Traffic-related accidents kill more than 3,200 in 2009

Traffic accidents in Peru last year killed 3,243 people and injured more than 48,000 others, according to a report cited by daily Peru.21.

The report by Peru’s ombudsman – the Defensoría del Pueblo – said that in total there were more than 86,000 traffic accidents in 2009.

In Lima, 635 people died in traffic accidents. Almost 20 percent of the accidents in the capital city were caused by mini-buses, called Combis, that can fit about 15 people and which race to pick up passengers. Almost 18 percent of accidents were caused by regular buses, 14.7 percent by cars, 10 percent by trucks and almost 5 percent by three-wheelers called mototaxis.

Despite the high number of traffic-related fatalities and injuries, they have reportedly declined since 2007.

“Nevertheless, we are still witnesses every day to poor drivers that do reckless maneuvers in order to pick up a passenger making our streets an unsafe place for ourselves and our families,” the Defensoría’s Eduardo Vega was quoted as saying.

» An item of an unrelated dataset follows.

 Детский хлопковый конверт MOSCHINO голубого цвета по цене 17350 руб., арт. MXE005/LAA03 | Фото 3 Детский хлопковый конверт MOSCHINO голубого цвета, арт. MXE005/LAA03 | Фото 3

“To reduce the number of deaths on country’s roads and highways is a responsibility of all authorities. Efforts have been made, but the rate has still not dropped enough.”

Efforts to improve Peru’s transportation system include a $150 million loan the Ministry of Transportation and Communications received from the World Bank last January. The financing was to restore more than 1,300 miles of highway in order to reduce travel time and traffic accidents.

One of the most deadly accidents recently occurred when two passenger buses collided in Peru’s northern La Libertad department. Thirty eight people were killed and more than 55 injured.